After Selling His Company for $4 Billion: A Founder's Past, Present, and Future Plans | A Conversation with Yuan Jing, Co-founder of Moonton
February 5, 2025
For the new year, alongside our ongoing AI coverage, we're adding something new: profiles and interviews with individuals whose stories illuminate how technology reshapes lives. We believe AI will transform every facet of existence, just as every previous technological wave has profoundly affected how people live. And every person navigating these changes — through their own growth and choices — repeatedly arrives at life's crossroads. We hope these conversations offer inspiration, encouragement, and fresh perspective.
Our first episode of the year features Yuan Jing, former co-founder and CEO of Moonton Technology. Founded in 2014, Moonton released Magic Rush: Heroes and Mobile Legends: Bang Bang (MLBB) — titles well-known in gaming circles, with MLBB achieving phenomenon status across Southeast Asia. In 2021, ByteDance acquired Moonton in a deal reportedly exceeding $4 billion.
We recorded this episode sitting on the floor of Yuan Jing's living room — by then, he'd already left ByteDance to launch his new company, Pilot.

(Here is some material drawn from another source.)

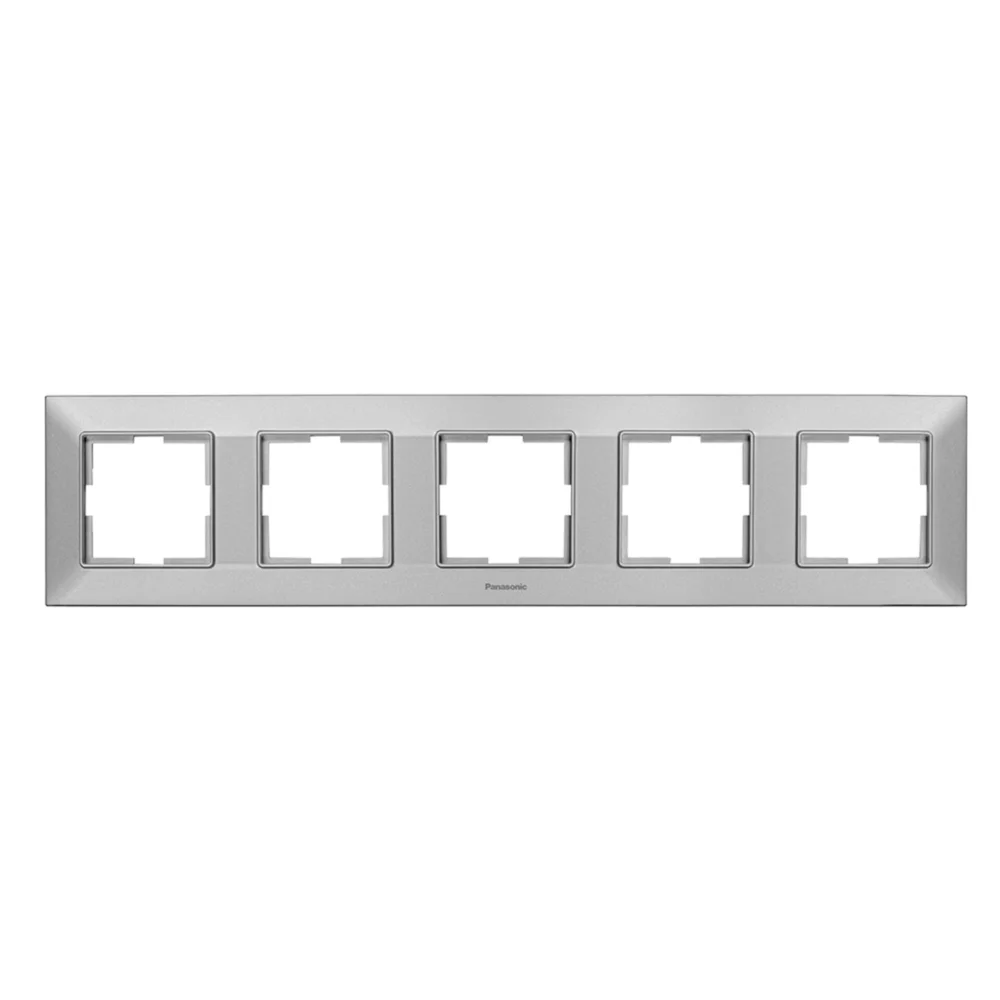 Рамка п'ятимісна горизонтальна Panasonic Arkedia Slim Срібло (WNTF0805-2SL)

He walked us through his career arc: from a self-described "not particularly hardworking employee" to co-founding and exiting Moonton, experiencing what he calls "a defining moment from every dimension," to starting over with ambitions of building a "business run by gamers" that balances commercial logic with multidimensional positive feedback. You'll hear a serial founder break down how he makes business decisions, reflect on his career to distill how to choose correctly, and share hard-won perspective on competition and self-awareness from someone who's ridden the highs and lows of fierce market battles and a major acquisition exit.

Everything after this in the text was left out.